Pinaud sai discordando do governo sobre arquivos da ditadura

segunda-feira, 15 de novembro de 2004 às 11:36

Rio de Janeiro (RJ), 15/11/2004 - O presidente da Comissão Especial de Mortos e Desaparecidos Políticos da Presidência da República, João Luiz Duboc Pinaud, comunicou há pouco ao presidente nacional da OAB, Roberto Busato, sua decisão de renunciar ao cargo. Ele apresentará nos próximos dias ao presidente Luiz Inácio Lula da Silva, em carta, as razões de seu pedido de demissão. Mas informou que sua decisão se deve basicamente à discordância com a Secretaria Especial dos Direitos Humanos sobre a condução da política nessa área e na resistência que encontra do governo para abrir os arquivos sobre os mortos e desaparecidos na ditadura militar.

João Luiz Pinaud - que é membro da Comissão Nacional de Direitos Humanos da OAB e participou do lançamento da Campanha Nacional de Defesa da República e da Democracia promovida pela entidade - disse que amadureceu essa decisão nos últimos dias e está ouvindo alguns amigos para elaboração do texto final da sua carta. Segundo ele, o “fator desencadeante” da renúncia foi o episódio da divulgação das fotografias identificadas como de Vladimir Herzog. Imediatamente, Pinaud se pronunciou sobre o completo esclarecimento em torno daquelas fotos e da morte do jornalista, em outubro de 1975, nas dependências do Doi-Codi, em São Paulo. “Mas não senti ambiente favorável em nível ministerial a uma rigorosa apuração dos fatos”, afirmou ele.

Para ele, no episódio das fotografias, não houve qualquer revanchismo como chegou a afirmar uma ala do governo. “Ali havia, sim, lesão ao direito humano à memória, ao direito da sociedade brasileira à sua memória e a seu passado histórico; ninguém é dono do passado”. Todavia, segundo Pinaud, a Secretaria Especial dos Direitos Humanos teve uma postura contrária, “de não tomar a dianteira e abrir os arquivos, como se manifestavam diversos segmentos da sociedade brasileira”.

O presidente demissionário da Comissão Especial dos Mortos e Desaparecidos Políticos criticou também a Secretaria Especial dos Direitos Humanos de tentar subordinar a Comissão, quando ele considera que ela é ligada diretamente à Presidência da República. Outro episódio que o faz apresentar a carta de demissão, segundo informou, é a resistência que encontrou no governo à sua posição favorável a uma medida judicial na Justiça Federal, provocada por procuradores, para ouvir testemunhas sobre as mortes e desaparecimentos políticos durante o regime militar.

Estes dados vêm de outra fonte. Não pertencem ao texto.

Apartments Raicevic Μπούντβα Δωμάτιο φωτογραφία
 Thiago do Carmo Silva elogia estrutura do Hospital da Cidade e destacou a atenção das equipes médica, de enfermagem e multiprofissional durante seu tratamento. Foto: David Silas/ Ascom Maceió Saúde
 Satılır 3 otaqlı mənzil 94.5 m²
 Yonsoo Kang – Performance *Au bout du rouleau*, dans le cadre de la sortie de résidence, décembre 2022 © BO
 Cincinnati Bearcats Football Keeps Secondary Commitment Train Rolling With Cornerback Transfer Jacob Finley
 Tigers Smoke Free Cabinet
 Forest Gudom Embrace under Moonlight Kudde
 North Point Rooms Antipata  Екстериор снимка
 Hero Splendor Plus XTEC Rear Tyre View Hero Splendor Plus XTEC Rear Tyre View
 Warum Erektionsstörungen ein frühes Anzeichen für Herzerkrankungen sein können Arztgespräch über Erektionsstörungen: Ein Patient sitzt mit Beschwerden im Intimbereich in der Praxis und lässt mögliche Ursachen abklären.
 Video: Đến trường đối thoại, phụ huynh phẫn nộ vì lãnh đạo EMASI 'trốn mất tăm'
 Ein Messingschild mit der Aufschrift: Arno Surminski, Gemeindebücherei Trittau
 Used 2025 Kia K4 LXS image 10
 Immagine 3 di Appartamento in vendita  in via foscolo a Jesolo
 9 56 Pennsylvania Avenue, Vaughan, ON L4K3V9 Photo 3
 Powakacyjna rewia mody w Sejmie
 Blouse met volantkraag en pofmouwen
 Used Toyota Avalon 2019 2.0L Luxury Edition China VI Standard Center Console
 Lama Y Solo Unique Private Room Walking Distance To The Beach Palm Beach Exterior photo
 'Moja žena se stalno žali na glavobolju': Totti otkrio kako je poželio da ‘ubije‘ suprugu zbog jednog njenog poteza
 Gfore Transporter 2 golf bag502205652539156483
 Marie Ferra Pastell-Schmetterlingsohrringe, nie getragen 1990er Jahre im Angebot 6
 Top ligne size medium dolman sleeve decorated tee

“Acho que seria muito importante que se ouvissem os depoimentos de moradores do Araguaia sobre os fatos envolvendo a guerrilha do início dos anos 70, pois muitos deles têm muito a contar”, afirmou Pinaud. “Mas a Secretaria Especial dos Direitos Humanos não discute as estratégias e fica num caminho só, que não conduz a nada, pois tinha que haver um conjunto de caminhos”.